The later version of Tessa was one employing generative artificial intelligence, much like ChatGPT and similar products. These advanced AI chatbots are designed to simulate human conversational patterns with the intention of giving more realistic and useful responses. Generating these customised answers relies on large databases of information, which the AI models are trained to “comprehend” through a variety of technological processes: machine learning, deep learning and natural language processing.
Ultimately, the chatbot generated what have been described as potentially harmful answers to some users’ questions. Ensuing discussions have shifted the blame from one institution to another. However, the point remains that the ensuing circumstances could potentially have been avoided if there had been a body providing ethical oversight, a “human in the loop” and an adherence to the clear purpose of Tessa’s original design.
It’s important to learn lessons from cases such as this against the background of a rush towards the integration of AI in a variety of systems. And while these events took place in the US, they contain lessons for those seeking to do the same in other countries.
The UK would appear to have a somewhat fragmented approach to this issue. The advisory board to the Centre for Data Ethics and Innovation (CDEI) was recently dissolved and its seat at the table was taken up by the newly formed Frontier AI Taskforce.

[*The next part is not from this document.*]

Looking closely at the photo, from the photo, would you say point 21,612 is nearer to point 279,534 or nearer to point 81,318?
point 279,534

There are also reports that AI systems are already being trialled in London as tools to aid workers – though not as a replacement for a helpline.
Both of these examples highlight a potential tension between ethical considerations and business interests. We must hope that the two will eventually align, balancing the wellbeing of individuals with the efficiency and benefits that AI could provide.
However, in some areas where organisations interact with the public, AI-generated responses and simulated empathy may never be enough to replace genuine humanity and compassion – particularly in the areas of medicine and mental health.